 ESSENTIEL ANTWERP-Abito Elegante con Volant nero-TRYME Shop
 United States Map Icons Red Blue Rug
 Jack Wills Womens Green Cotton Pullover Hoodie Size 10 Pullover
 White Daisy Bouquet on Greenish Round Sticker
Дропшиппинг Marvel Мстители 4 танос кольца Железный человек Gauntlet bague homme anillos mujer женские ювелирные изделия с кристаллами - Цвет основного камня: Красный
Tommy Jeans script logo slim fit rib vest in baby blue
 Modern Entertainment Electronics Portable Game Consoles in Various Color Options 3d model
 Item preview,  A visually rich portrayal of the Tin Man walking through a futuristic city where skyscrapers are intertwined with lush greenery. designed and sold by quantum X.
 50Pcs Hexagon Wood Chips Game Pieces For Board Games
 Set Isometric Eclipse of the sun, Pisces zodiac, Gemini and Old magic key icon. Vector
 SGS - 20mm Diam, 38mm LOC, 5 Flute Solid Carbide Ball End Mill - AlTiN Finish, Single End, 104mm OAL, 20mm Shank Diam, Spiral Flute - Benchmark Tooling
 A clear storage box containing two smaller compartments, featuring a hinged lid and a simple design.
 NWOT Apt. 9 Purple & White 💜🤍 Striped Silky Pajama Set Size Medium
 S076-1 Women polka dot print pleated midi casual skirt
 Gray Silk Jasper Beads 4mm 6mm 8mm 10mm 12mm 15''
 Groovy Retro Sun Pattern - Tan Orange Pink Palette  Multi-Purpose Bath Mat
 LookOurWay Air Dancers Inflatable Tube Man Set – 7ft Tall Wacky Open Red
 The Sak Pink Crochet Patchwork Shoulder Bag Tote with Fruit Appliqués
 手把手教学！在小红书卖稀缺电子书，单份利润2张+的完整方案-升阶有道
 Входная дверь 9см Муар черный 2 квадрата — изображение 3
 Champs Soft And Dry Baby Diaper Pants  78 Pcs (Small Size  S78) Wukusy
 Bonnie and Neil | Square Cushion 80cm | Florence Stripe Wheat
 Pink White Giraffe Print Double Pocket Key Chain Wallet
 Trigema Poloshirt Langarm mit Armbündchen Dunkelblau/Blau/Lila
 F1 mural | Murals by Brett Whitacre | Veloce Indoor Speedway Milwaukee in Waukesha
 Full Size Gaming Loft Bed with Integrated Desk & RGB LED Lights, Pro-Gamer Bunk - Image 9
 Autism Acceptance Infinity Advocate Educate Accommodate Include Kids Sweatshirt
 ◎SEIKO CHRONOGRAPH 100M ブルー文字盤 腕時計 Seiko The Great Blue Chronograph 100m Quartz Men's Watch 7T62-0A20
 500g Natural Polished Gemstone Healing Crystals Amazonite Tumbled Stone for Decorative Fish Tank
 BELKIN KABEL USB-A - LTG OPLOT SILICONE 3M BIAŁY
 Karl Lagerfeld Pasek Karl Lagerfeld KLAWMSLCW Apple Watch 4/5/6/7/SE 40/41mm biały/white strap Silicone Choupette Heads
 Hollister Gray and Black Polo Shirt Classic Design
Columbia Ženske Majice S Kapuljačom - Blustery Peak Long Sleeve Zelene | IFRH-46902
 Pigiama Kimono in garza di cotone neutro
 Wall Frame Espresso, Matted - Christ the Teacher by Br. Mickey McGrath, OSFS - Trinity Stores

# # # # # # #

**PROBLEM STATEMENT**: Search the data above for the string "Size" and return every line that has it.

**SOLVED PROBLEM**:
 Jack Wills Womens Green Cotton Pullover Hoodie Size 10 Pullover
 NWOT Apt. 9 Purple & White 💜🤍 Striped Silky Pajama Set Size Medium
 Champs Soft And Dry Baby Diaper Pants  78 Pcs (Small Size  S78) Wukusy
 Full Size Gaming Loft Bed with Integrated Desk & RGB LED Lights, Pro-Gamer Bunk - Image 9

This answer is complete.